Autrefois attachés à montrer la diversité des cultures du Sud, les Vagamondes s’affirment depuis trois saisons et la prise de fonction de Benoît André à la tête de La Filature, comme le festival du dépassement de toutes les frontières. L’édition précédente interrogeait les lignes de démarcation de plus en plus sensibles entre les individus et leur environnement, et l’avènement possible d’une forme de transhumanité. Cette année, c’est la question connexe et non moins actuelle du genre qui donne au festival sa coloration étrange et attirante – comme celle de la flamboyante affiche signée SMITH.

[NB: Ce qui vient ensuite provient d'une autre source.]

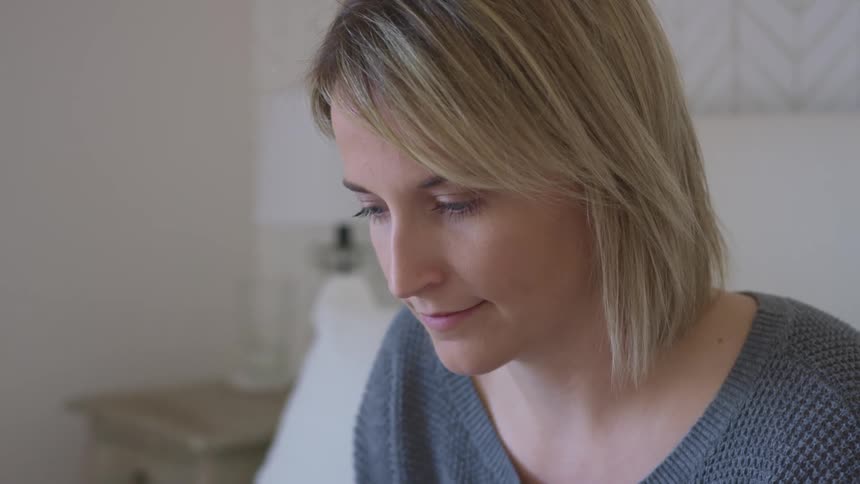 Blonde woman with a grey sweater sits on a bed and uses a laptop in the bedroom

Actuelle, car il est indéniable que nous assistons à un décloisonnement de ces sujets ayant trait aux frontières intimes et mouvantes à l’intérieur de tout un chacun : le sentiment d’appartenance (ou non) à un genre et la dimension sexuelle de nos identités (multiples). Des frontières qui pour beaucoup –notamment la jeune génération – servent désormais de passerelles où circulent et s’échangent les points de vue, quand chez d’autres elles demeurent des obstacles violemment infranchissables. Frontières massivement investies et discutées, ces dernières années, par tous les champs artistiques, qu’il s’agisse de littérature ou de cinéma, de musique ou d’art visuel, sans oublier le spectacle vivant, preuve que la notion de genre ouvre un gigantesque espace de réflexion au sein des consciences et des imaginaires.

Avec sa singularité, La Filature et ses structures culturelles partenaires rejoignent à leur tour ce mouvement de fond touchant à tous les aspects de nos vies et se proposent d’explorer d’une manière exigeante, éclairée, mais aussi ludique et festive, cette tectonique joyeusement troublée des identités et des affects.

Foyer de ces tremblements existentiels, le corps se trouve naturellement au cœur des préoccupations des 15 spectacles au programme de cette 11e édition des Vagamondes.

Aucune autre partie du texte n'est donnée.